The painting is set in its original antique frame of ornate wood and plaster gilt finish.
Historical significance: This painting is a reduced copy of an artist by the name M. Alonso after Velázquez’s extremely important early work ‘The Triumph of Bacchus’, or ‘The Drunkards’ (165 x 225 cm.) dated 1628-1629 and currently held by the Museo del Prado, Madrid (P01170). The copy painted by M. Alonso constitutes a version of historical value due to the fact that it was most probably made inside the Royal Museum, as suggested by the Documentation Department of the Museum (still under investigation). After the opening of the Museo del Prado, fine arts students and painters were allowed to make copies of the paintings in the Museum rooms and were registered in the Royal Museum’s catalogues of visitors and copyists (currently in Museum’s archives).
Moreover, the painting of M. Alonso cannot be considered as a typical workshop copy due to its careful and thorough execution.
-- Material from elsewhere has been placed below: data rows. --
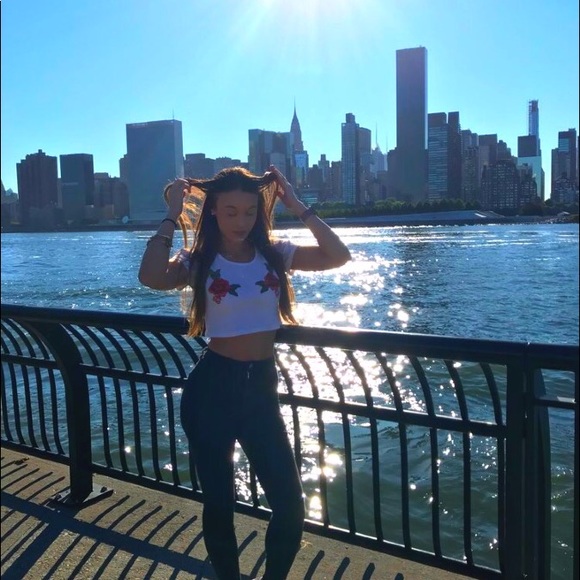 Meet Y💍ur Posher - Picture 4 of 4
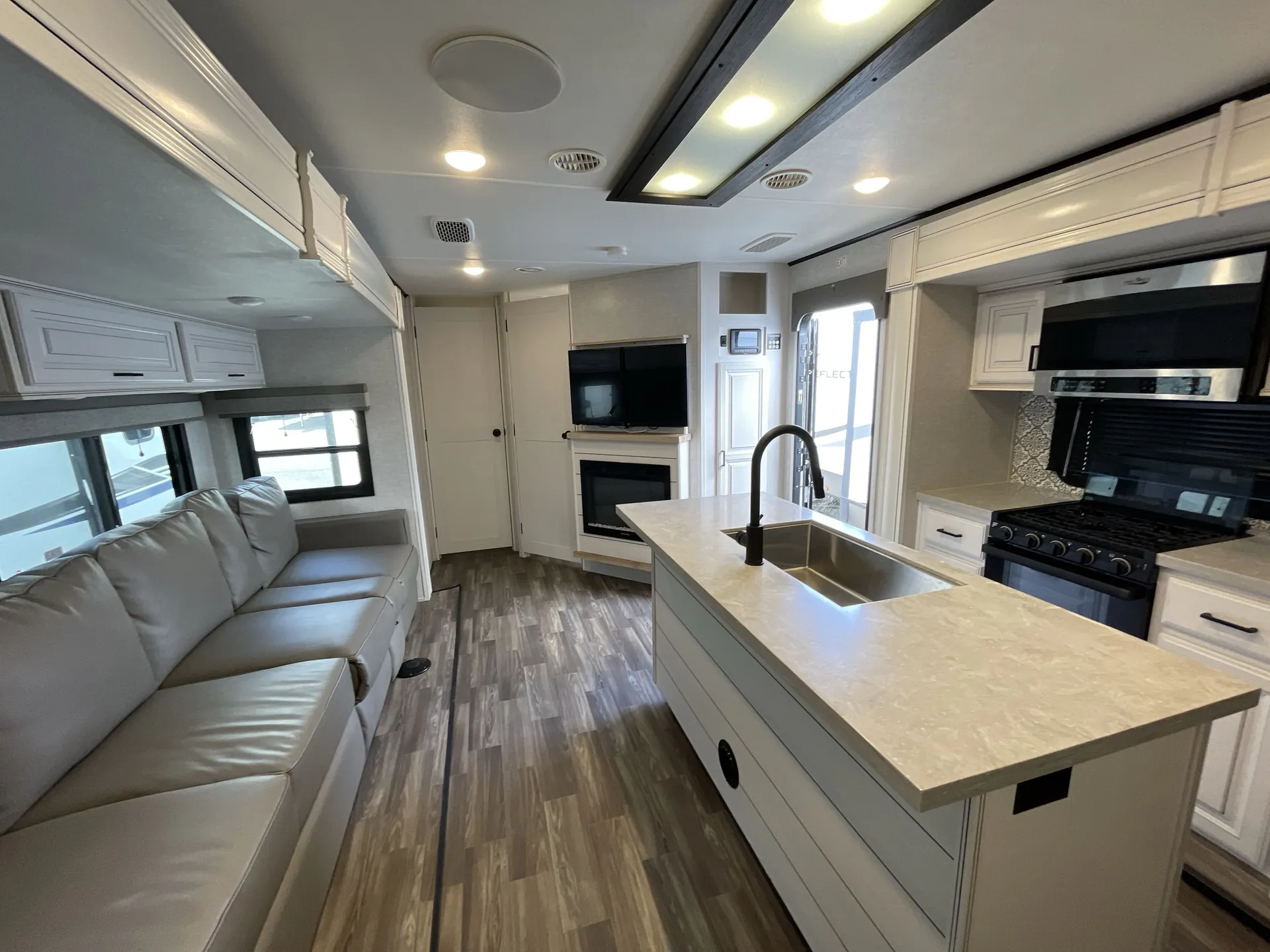 2024 Highland Ridge Open Range 330BHS dealer photo 3 from Camping World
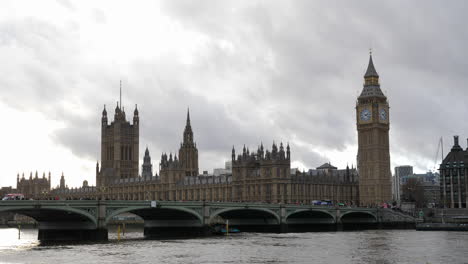 Cielo-Nublado-Sobre-El-Palacio-De-Westminster-En-Londres-Con-El-Puente-De-Westminster-En-Primer-Plano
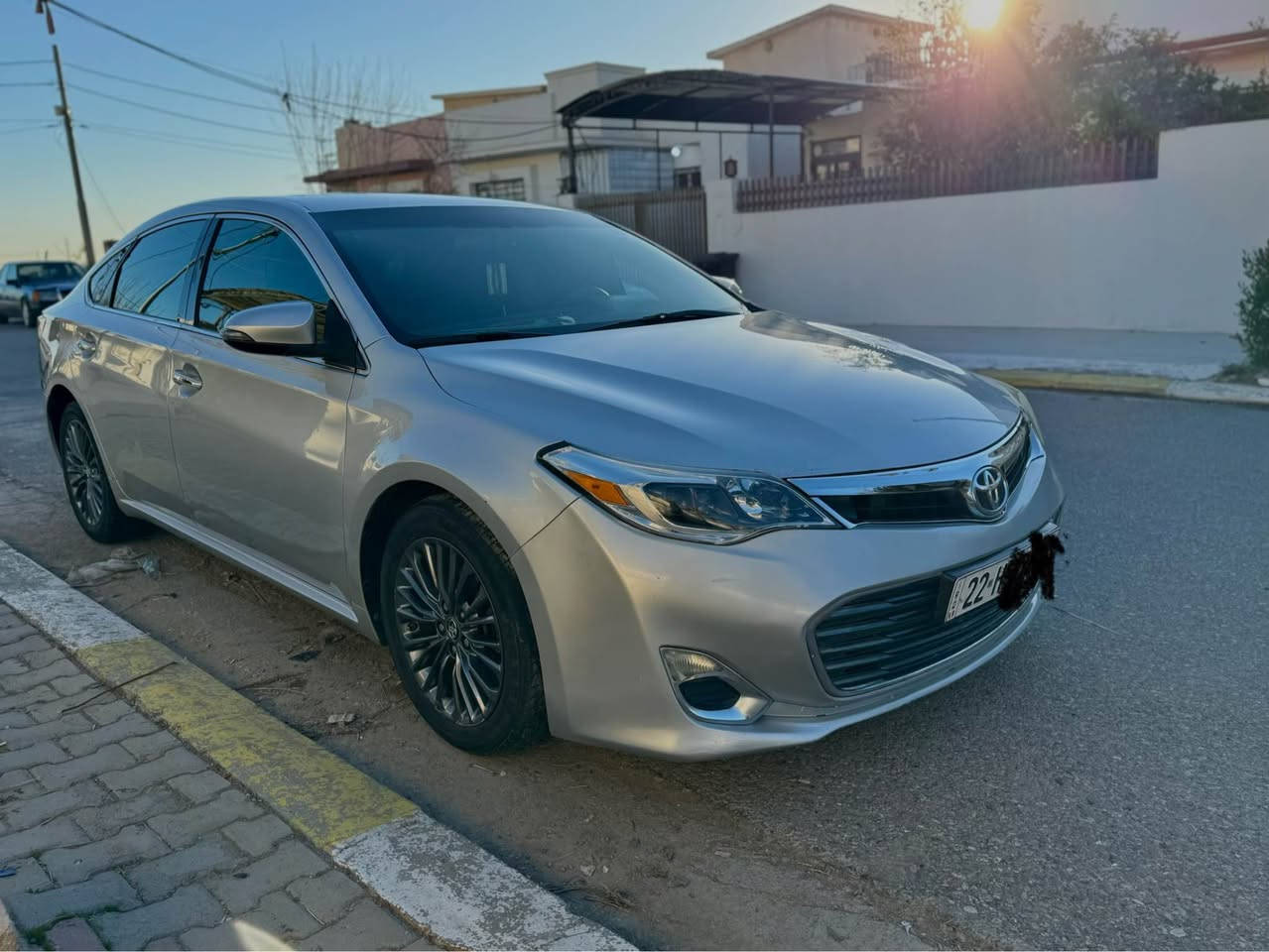 افلون ٢٠١٣ 
سيارة كلين تايتل 
دوو جيگاي بچوك ساردي هةية 
مكينة و كير بة شةرت 
مواصفات xle 
شاشة كاميرا 
كشن جلد كشن هيتر 
بصمة 
لايت زينون 
سيارةكة زور بي مةصروفة 
سنوي و هزةي تازةية بة ناوي خومة 

سعري 180 مجال 
موبايل *********** أربيل, العراق
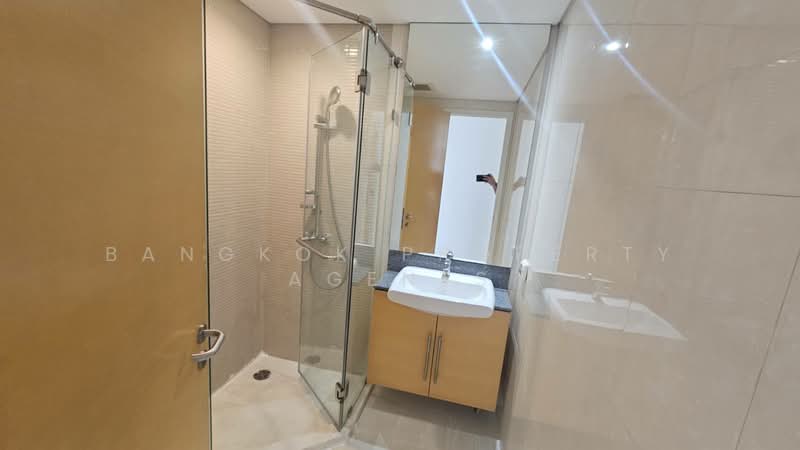 Fullerton Sukhumvit, Bangkok, Sukhumvit Road, Khlong Tan Nua, Watthana, Bangkok, 2 Bedrooms, 100 sqm, Condo For Rent, by BANGKOK PROPERTY AGENTS, 500223556 - DDproperty.com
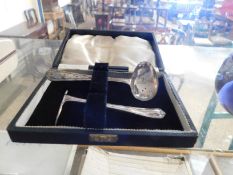 CASED SILVER PLATED SPOON AND PUSHER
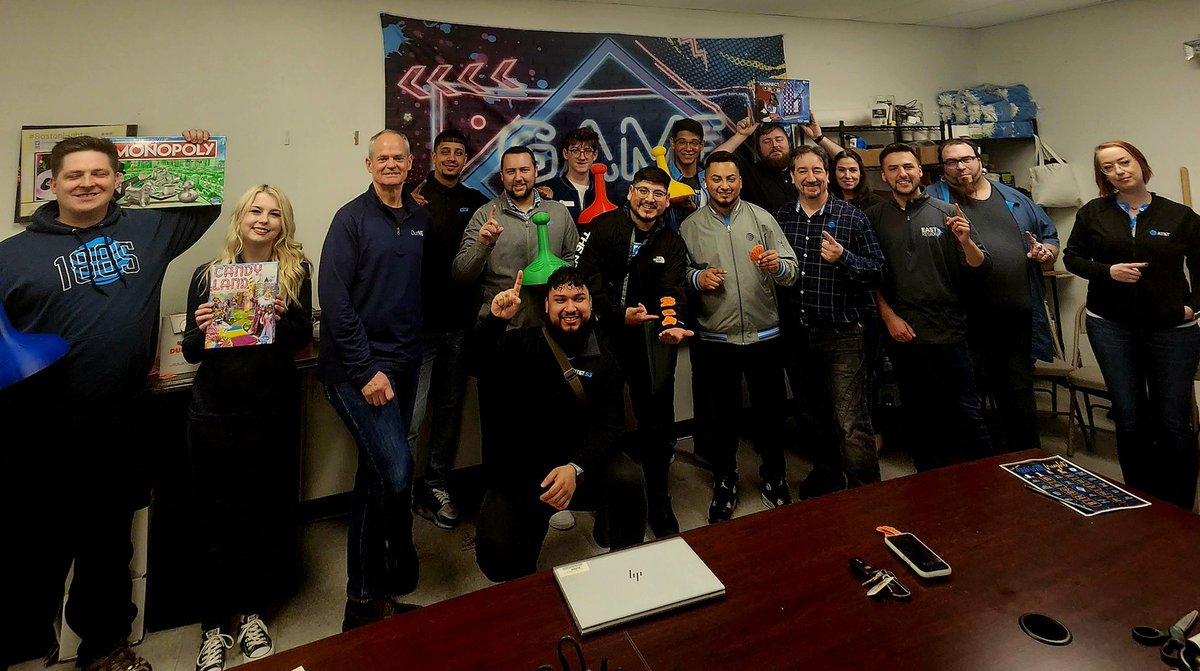 Peter Nixon (@pnixnix) on Twitter photo Game Night with <a href="/PrimeComms/">Prime</a> in #nashuanh <a href="/TheRealOurNE/">#OurNE</a> <a href="/emilywiper/">Emily Wiper</a> <a href="/LizFrazee6/">Liz Frazee</a> Thank you <a href="/Bjeralds1/">Brandon Jeralds</a> <a href="/Darko_5/">Eric Darko</a> Game Night with <a href="/PrimeComms/">Prime</a> in #nashuanh <a href="/TheRealOurNE/">#OurNE</a> <a href="/emilywiper/">Emily Wiper</a> <a href="/LizFrazee6/">Liz Frazee</a> Thank you <a href="/Bjeralds1/">Brandon Jeralds</a> <a href="/Darko_5/">Eric Darko</a>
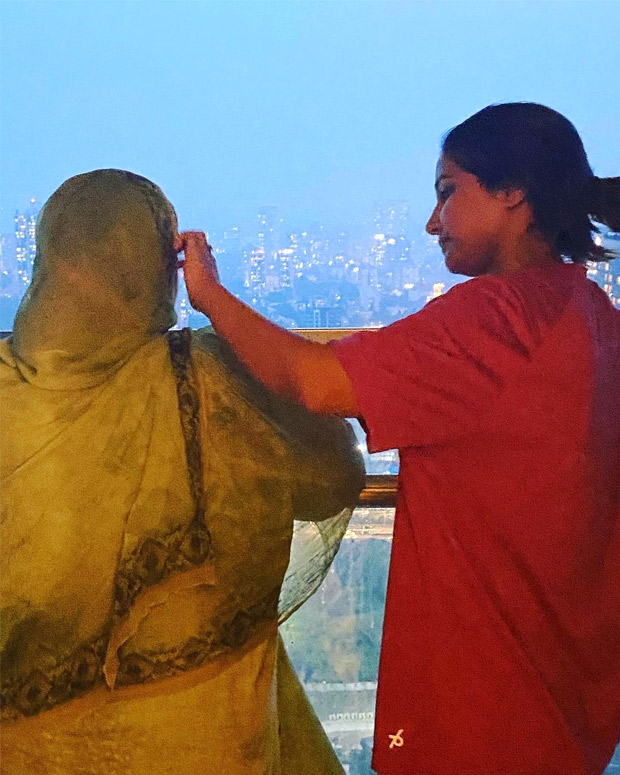 Hina Khan: left a profound heart-rending note on Instagram nibbling on her mother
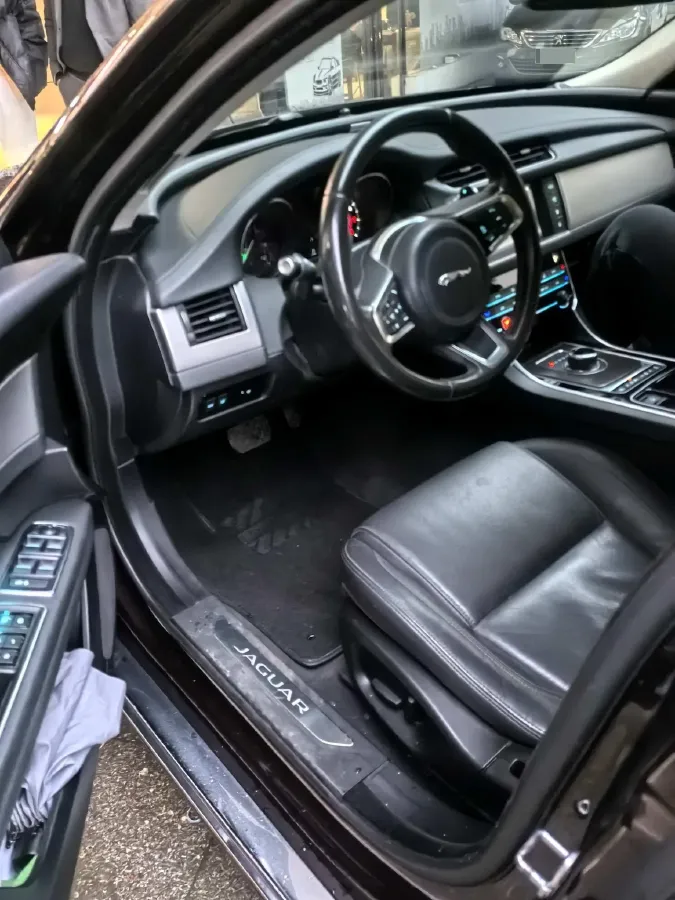 2018 Jaguar XFL 2.0T 200HP L4 8AT,autocango,china used car exporter,china ev exporter,chinese used car exporter,chinese used ev exporter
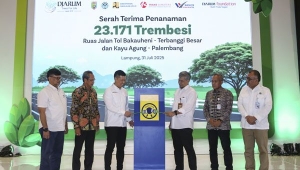 DTLF Djarum Foundation Tanam Trembesi di Tol Lampung-Palembang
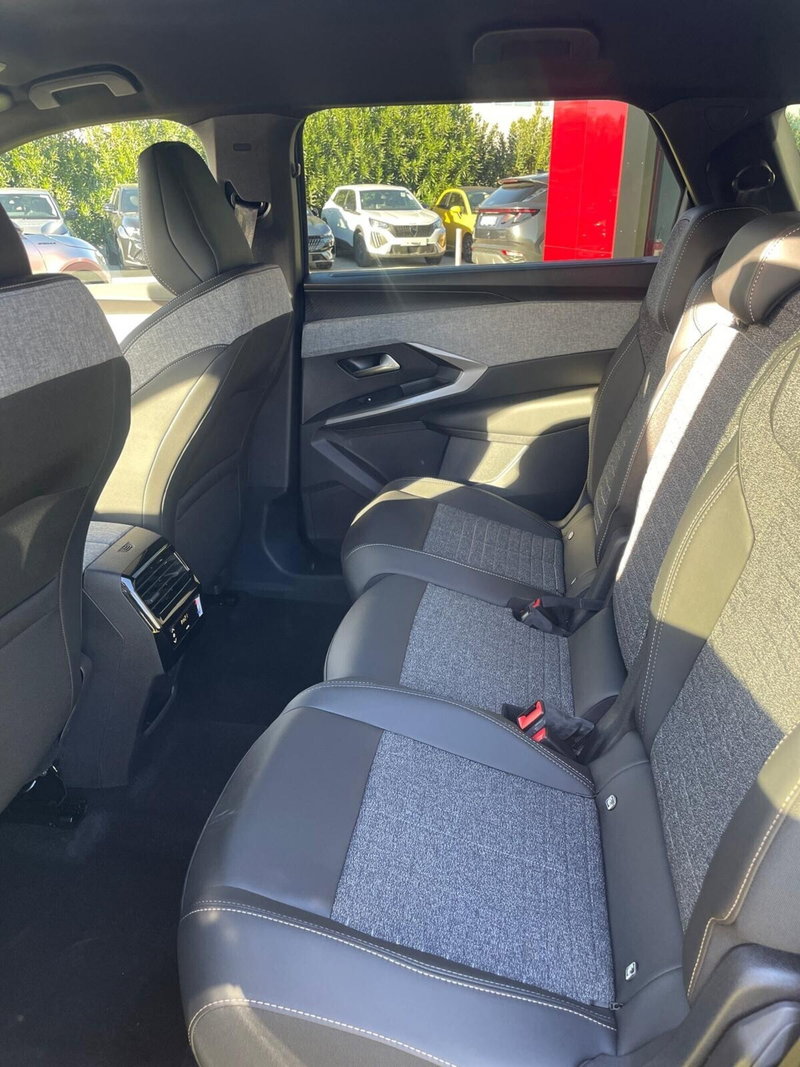 Peugeot 5008 nuova a Sassari (15)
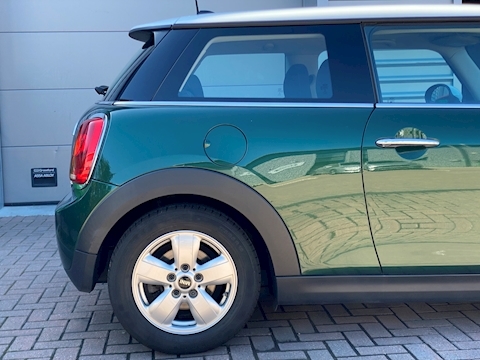 1.5 Cooper D Hatchback 3dr Diesel (s/s) (116 ps)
Alike Velázquez’s original work, it is one of the few mythological scenes that deviates from previous depictions of a Dionysian feast, usually showing nymphs in green hills, in combination with a genre scene (the precise meaning of which is still subject to debate). It has been variously suggested that Velázquez’s scene represents a Flemish fête; a scene from the picaresque novel Vida y hechos de Estebanillo González; or abodegón (the Spanish term for Velázquez’s movement of a genre painting in a more naturalistic style, like everyday life). In Velázquez’s original painting notable is the use of colour, as he learned it from the work of Rübens and the 16thcentury Venetians, as well as his influence of Caravaggio’s techniques.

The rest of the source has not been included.